Kemarahan Aran sontak sampai ke ubun-ubun mendengar fakta selanjutnya. Persetan dengan Joseph Westring berikut nama besar keluarganya. Persetan dengan keadaan mental Keisha yang selama ini ia maklumi. Ia harus benar-benar memberikan gadis itu pelajaran yang setimpal.
Aran melepaskan pelukannya. Ia mengusap air mata Raisa, kemudian menatap gadis itu lekat-lekat.
"Aku tahu kamu takut, tapi kamu harus bisa membela diri. Kita laporkan dia ke polisi! Soal keluarga Westring...." Aran menelan ludah. "Aku tahu susah berurusan dengan keluarganya.
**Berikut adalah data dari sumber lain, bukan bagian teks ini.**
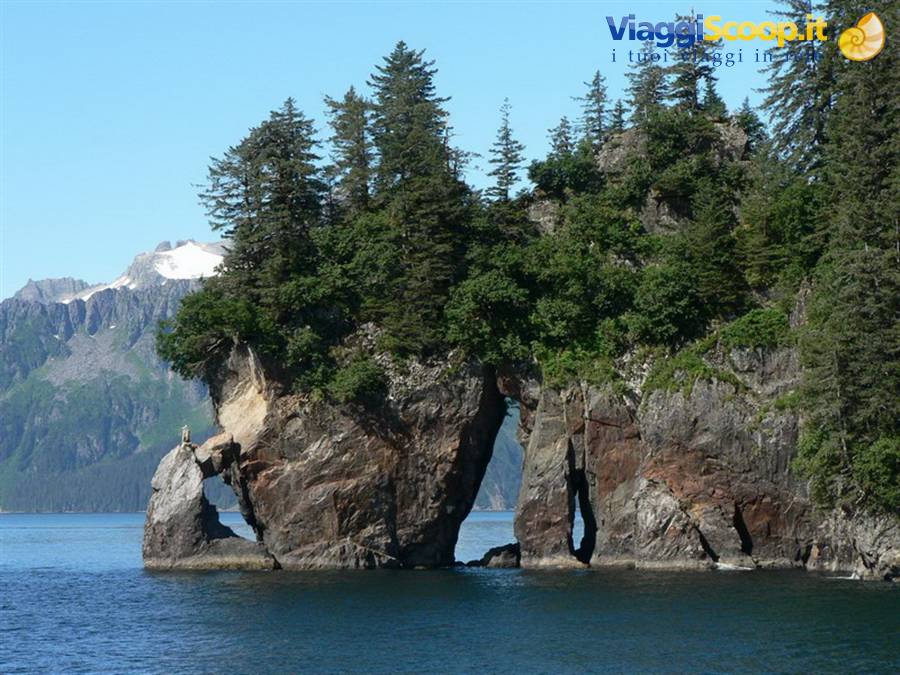 Resurrection Bay - Kenai Fjords National Park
Tapi dengar, ayahku orang hukum. Kamu nggak sendirian. Aku ada buat kamu."
Raisa mengangguk mantap. Kendati dari hati yang paling dalam ia sangat ketakutan. Namun, ia tahu bahwa ia tak sendirian. Aran takkan meninggalkannya.
***
Elsa Kinari menarik paksa Keisha hingga mereka berdiri berhadapan di toilet perempuan. Harga dirinya sangat tercoreng ketika polisi tiba di rumahnya menyeret Keisha atas laporan kekerasan. Kini, mereka berdua harus di interogasi polisi.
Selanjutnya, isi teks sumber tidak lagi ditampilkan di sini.